<<<<
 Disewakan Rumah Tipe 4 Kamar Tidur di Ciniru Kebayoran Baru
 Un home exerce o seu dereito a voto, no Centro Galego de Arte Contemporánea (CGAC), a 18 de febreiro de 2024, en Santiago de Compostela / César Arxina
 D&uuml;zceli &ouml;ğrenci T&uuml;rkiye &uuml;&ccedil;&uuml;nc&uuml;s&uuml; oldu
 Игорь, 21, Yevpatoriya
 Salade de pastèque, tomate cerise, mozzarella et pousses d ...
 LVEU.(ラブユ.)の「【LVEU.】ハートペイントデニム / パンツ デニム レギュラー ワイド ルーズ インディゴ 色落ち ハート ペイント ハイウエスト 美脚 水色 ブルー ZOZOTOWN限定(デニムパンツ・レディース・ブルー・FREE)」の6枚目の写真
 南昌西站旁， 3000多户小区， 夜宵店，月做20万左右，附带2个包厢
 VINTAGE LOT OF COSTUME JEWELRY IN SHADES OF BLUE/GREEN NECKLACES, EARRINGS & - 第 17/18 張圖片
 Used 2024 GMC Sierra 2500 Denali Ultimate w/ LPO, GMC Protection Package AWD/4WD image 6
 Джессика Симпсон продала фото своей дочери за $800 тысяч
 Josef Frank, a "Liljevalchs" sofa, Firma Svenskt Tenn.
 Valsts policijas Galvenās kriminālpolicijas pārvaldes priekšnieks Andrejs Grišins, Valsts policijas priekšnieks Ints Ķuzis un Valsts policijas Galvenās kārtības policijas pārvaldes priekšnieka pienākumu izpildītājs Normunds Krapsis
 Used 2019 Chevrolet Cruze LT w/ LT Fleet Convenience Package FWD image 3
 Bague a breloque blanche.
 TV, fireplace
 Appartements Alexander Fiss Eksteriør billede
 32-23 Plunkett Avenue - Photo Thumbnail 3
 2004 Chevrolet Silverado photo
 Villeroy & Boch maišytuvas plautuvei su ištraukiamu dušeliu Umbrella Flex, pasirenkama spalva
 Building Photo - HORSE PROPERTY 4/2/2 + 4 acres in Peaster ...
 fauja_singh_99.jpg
>>>>
**ABOUT THIS TASK**
Please output all of the entries without changing a single character.

**EXERCISE RESPONSE**
 Disewakan Rumah Tipe 4 Kamar Tidur di Ciniru Kebayoran Baru
 Un home exerce o seu dereito a voto, no Centro Galego de Arte Contemporánea (CGAC), a 18 de febreiro de 2024, en Santiago de Compostela / César Arxina
 D&uuml;zceli &ouml;ğrenci T&uuml;rkiye &uuml;&ccedil;&uuml;nc&uuml;s&uuml; oldu
 Игорь, 21, Yevpatoriya
 Salade de pastèque, tomate cerise, mozzarella et pousses d ...
 LVEU.(ラブユ.)の「【LVEU.】ハートペイントデニム / パンツ デニム レギュラー ワイド ルーズ インディゴ 色落ち ハート ペイント ハイウエスト 美脚 水色 ブルー ZOZOTOWN限定(デニムパンツ・レディース・ブルー・FREE)」の6枚目の写真
 南昌西站旁， 3000多户小区， 夜宵店，月做20万左右，附带2个包厢
 VINTAGE LOT OF COSTUME JEWELRY IN SHADES OF BLUE/GREEN NECKLACES, EARRINGS & - 第 17/18 張圖片
 Used 2024 GMC Sierra 2500 Denali Ultimate w/ LPO, GMC Protection Package AWD/4WD image 6
 Джессика Симпсон продала фото своей дочери за $800 тысяч
 Josef Frank, a "Liljevalchs" sofa, Firma Svenskt Tenn.
 Valsts policijas Galvenās kriminālpolicijas pārvaldes priekšnieks Andrejs Grišins, Valsts policijas priekšnieks Ints Ķuzis un Valsts policijas Galvenās kārtības policijas pārvaldes priekšnieka pienākumu izpildītājs Normunds Krapsis
 Used 2019 Chevrolet Cruze LT w/ LT Fleet Convenience Package FWD image 3
 Bague a breloque blanche.
 TV, fireplace
 Appartements Alexander Fiss Eksteriør billede
 32-23 Plunkett Avenue - Photo Thumbnail 3
 2004 Chevrolet Silverado photo
 Villeroy & Boch maišytuvas plautuvei su ištraukiamu dušeliu Umbrella Flex, pasirenkama spalva
 Building Photo - HORSE PROPERTY 4/2/2 + 4 acres in Peaster ...
 fauja_singh_99.jpg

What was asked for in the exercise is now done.